Cette urgence est due au fait que la session ordinaire de septembre doit se clôturer ce mardi 15 décembre dans les deux chambres du Parlement. C’est pourquoi le Sénat devra adopter ce matin le budget dans des termes identiques à l0h00, avant que le président ne prononce son discours de clôture de la session. La commission économico- financière et de la bonne gouvernance du Sénat fait savoir que la différence des chiffres résulte de deux faits. A savoir : de la diminution totale des recettes additionnelles de 271 .909.199,46 USD dégagées par l’Assemblée nationale, et des recettes additionnelles de 100 millions USD trouvées par la commission.
Par ailleurs, l’Ecofin/Sénat indique que les 100 millions USD dégagés proviennent de l’opération de cession de 20% des actions OKIMO dans MOTOGOLD dont la part de l’Etat représente 70 millions USD, et de la cession des actions de l’Etat dans CINATau Groupe LAFARGE pour 30 millions USD. D’une manière générale, les recettes se décomposent comme suit:
- recettes : 40,5%
- recettes exceptionnelles: 7%
- recettes extérieures : 46,9%
- recettes propres aux provinces: 5,6%
Les recettes propres de l’Etat ou d’origine interne s’élèvent à 53,1% et celles extérieures à 46,9%. La clé de répartition se présente de la manière suivante:
- dettes publiques en capital : 3,4%
- frais financiers : 4,5%
- dépenses de personnel: 16%
- biens et matériels 1,7%
- dépenses de prestations: 2,3%
- transferts et interventions de l’Etat: 21,5%
- équipements: 15,5%
- constructions, réfections, réhabilitations 35,1%.

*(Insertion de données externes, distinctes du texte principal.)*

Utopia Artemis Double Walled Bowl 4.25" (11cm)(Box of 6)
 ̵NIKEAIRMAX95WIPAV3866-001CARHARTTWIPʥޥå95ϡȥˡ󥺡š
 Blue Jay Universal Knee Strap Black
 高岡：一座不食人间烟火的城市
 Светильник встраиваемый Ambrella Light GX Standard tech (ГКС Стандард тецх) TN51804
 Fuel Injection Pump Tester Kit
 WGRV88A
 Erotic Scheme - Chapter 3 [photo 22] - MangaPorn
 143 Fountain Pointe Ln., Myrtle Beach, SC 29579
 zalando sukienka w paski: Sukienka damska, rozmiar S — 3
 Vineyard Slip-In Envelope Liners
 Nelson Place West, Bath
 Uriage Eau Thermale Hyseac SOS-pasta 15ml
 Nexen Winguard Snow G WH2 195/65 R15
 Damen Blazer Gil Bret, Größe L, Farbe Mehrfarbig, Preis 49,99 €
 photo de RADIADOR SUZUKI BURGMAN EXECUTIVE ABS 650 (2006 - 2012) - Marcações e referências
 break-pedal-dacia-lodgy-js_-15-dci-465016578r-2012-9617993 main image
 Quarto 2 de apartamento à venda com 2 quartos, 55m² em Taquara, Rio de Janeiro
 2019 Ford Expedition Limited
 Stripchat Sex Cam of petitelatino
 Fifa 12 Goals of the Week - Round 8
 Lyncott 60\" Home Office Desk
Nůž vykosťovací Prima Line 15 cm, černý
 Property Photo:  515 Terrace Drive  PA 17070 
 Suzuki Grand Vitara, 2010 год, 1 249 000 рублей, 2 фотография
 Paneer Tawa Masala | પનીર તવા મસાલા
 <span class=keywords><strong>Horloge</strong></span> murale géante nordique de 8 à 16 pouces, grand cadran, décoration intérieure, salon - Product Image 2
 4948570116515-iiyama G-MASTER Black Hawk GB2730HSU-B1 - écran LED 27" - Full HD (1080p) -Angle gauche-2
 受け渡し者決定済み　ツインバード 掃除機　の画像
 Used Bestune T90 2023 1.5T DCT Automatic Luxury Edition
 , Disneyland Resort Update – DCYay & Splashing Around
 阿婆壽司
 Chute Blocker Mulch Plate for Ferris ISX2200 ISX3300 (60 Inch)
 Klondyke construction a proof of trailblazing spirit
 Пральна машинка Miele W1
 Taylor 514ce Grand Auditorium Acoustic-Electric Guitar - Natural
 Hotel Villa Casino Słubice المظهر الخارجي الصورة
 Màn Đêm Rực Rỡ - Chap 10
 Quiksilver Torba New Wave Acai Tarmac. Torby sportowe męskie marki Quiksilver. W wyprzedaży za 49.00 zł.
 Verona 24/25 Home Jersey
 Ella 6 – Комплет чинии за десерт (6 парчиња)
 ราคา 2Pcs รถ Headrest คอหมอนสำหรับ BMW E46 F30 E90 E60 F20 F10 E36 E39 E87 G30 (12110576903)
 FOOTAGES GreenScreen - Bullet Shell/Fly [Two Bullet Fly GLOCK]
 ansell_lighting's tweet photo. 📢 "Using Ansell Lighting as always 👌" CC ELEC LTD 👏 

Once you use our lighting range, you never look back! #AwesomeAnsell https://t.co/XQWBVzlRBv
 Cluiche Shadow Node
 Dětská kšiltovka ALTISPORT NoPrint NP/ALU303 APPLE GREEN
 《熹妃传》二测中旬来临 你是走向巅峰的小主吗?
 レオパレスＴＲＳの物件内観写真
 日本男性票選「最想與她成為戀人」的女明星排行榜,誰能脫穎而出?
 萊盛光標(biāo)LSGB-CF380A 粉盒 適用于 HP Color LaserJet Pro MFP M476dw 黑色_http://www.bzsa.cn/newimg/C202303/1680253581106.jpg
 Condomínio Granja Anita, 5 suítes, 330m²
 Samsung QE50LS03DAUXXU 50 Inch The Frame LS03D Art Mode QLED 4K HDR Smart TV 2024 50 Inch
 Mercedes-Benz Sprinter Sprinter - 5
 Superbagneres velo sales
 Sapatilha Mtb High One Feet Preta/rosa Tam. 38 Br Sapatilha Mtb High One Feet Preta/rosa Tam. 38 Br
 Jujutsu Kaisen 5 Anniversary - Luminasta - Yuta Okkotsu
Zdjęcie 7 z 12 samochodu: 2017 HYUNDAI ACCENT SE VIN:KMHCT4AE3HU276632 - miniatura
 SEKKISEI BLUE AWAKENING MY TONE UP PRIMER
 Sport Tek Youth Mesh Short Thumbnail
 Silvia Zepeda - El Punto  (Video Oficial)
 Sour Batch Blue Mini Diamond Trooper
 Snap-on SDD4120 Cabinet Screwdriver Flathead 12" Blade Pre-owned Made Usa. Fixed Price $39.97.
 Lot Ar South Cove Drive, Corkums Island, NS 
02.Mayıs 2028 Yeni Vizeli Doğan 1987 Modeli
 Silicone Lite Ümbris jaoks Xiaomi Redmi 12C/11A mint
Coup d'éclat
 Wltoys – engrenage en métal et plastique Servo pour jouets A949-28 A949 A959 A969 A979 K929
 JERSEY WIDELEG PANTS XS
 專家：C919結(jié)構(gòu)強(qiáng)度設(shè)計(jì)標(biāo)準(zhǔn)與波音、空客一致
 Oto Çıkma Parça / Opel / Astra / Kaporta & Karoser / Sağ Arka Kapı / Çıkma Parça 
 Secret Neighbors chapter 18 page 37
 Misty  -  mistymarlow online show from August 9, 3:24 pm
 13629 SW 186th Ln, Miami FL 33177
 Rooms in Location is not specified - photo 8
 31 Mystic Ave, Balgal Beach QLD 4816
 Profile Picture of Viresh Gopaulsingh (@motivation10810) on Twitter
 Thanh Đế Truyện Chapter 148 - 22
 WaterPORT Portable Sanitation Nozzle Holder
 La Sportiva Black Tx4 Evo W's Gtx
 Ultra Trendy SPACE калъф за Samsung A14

Avant le vote, quelques sénateurs sont intervenus sur le rapport de la commission. Ils ont fustigé entre autres l’insuffisance du budget réservé à l’équipement de l’armée (soit quelque 10 millions USD) au moment où le gouvernement demande le retrait de la Monuc; le délai trop court accordé à l’Ecofin, Sénat pour examiner le projet de budget la non prise en compte du social ; etc.
Sur les 88 sénateurs ayant pris part au vote, 77 ont voté pour et 11 absentions. Comme ce fut le cas lors de sa présentation par le gouvernement, les présidents de l’Ecofin des assemblées provinciales étaient encore présents à la plénière d’hier consacrée à l’examen et adoption du budget de l’Etat, exercice 2010. Il importe de signaler que Léon Kengo wa Dondo a, à l’ouverture de la séance plénière, annoncé la convocation d’une session extraordinaire de sa chambre du 5 au 25 janvier 2010. Celle-ci aura à examiner et adopter la loi sur les marchés publics matière relevant de la demande de la Banque Mondiale.